MedVCoT: Bridging Modality Gap in Medical VQA through Latent Visual Reasoning

1Dalian University of Technology, China 2RMIT University, Australia

Abstract

With the rising demand for trustworthy AI in clinical practice, strong interpretability is now a critical requirement as well as accuracy. However, the modality gap for medical visual question answering is quite severe when continuous visual signals are forcibly projected into discrete text space for reasoning, and the loss of necessary diagnostic information leads to low precision and black-box opacity.

To address this problem, we propose MedVCoT, which incorporates latent visual reasoning into the medical visual question answering(VQA) domain. Rather than merely integrating modules, MedVCoT utilizes the specialized expertise of MedSAM to train a large vision-language model so that it can autonomously generate consistent and continuous latent visual tokens within Visual Chain-of-Thought. This mechanism forces the model to explicitly "see" the lesion in the latent space before formulating a textual diagnosis, ensuring answers are causally rooted in verifiable visual evidence rather than statistical hallucination. We achieve this through a progressive 3-stage training procedure: medical feature alignment, visual reasoning learning by utilizing latent tokens generated, and instruction tuning for complex clinical scenarios.

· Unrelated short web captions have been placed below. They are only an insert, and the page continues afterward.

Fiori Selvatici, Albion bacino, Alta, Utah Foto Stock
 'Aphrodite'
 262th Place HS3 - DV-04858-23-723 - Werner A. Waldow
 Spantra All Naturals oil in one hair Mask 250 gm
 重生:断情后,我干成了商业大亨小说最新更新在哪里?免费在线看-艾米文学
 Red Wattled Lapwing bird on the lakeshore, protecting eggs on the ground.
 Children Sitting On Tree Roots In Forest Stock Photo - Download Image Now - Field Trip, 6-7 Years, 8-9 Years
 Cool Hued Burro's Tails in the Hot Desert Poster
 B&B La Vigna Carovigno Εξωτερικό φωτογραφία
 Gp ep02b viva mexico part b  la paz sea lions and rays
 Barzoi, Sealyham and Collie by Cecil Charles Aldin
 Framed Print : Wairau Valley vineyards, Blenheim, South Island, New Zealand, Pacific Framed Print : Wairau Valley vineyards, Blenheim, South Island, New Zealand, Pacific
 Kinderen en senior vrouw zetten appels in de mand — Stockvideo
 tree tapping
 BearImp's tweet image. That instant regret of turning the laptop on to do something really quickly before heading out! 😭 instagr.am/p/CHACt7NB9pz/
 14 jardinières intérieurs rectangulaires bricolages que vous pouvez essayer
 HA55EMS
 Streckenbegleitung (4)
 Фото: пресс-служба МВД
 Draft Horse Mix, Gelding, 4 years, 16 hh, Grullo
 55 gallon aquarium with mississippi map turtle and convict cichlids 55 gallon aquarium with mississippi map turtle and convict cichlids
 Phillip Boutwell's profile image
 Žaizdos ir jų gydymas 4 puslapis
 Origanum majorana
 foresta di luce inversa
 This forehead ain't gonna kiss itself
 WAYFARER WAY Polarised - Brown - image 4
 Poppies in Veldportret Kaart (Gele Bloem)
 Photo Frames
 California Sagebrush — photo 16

Extensive experiments show that MedVCoT can achieve state-of-the-art performance on multiple benchmarks, outperforming other methods by large margins. Meanwhile, it provides pixel-level segmentation masks to validate its diagnostic reasoning.

Video

Methodology

Medical Visual Question Answering (Medical VQA) stands as a cornerstone of AI-assisted diagnosis, which needs both high accuracy and rigorous interpretability. The “black-box” diagnosis made to a patient, although it may be correct, will be unconvincing without verifiable visual evidence. However, current state-of-the-art Medical Vision-Language Models (VLMs) come to a fundamental bottleneck: the modality gap. When continuous and fine-grained visual signals (such as the boundaries of a lesion or texture gradients) are forcibly projected into a discrete textual space for reasoning, there is a lot of visual evidence ignored inevitably. This information loss is particularly detrimental in clinical practice, where the subtlest cues in visual content can matter to diagnosis. In that connection, the lack of direct visualization of reasoning has been a barrier to the application of medical AI systems applied to clinical scenarios.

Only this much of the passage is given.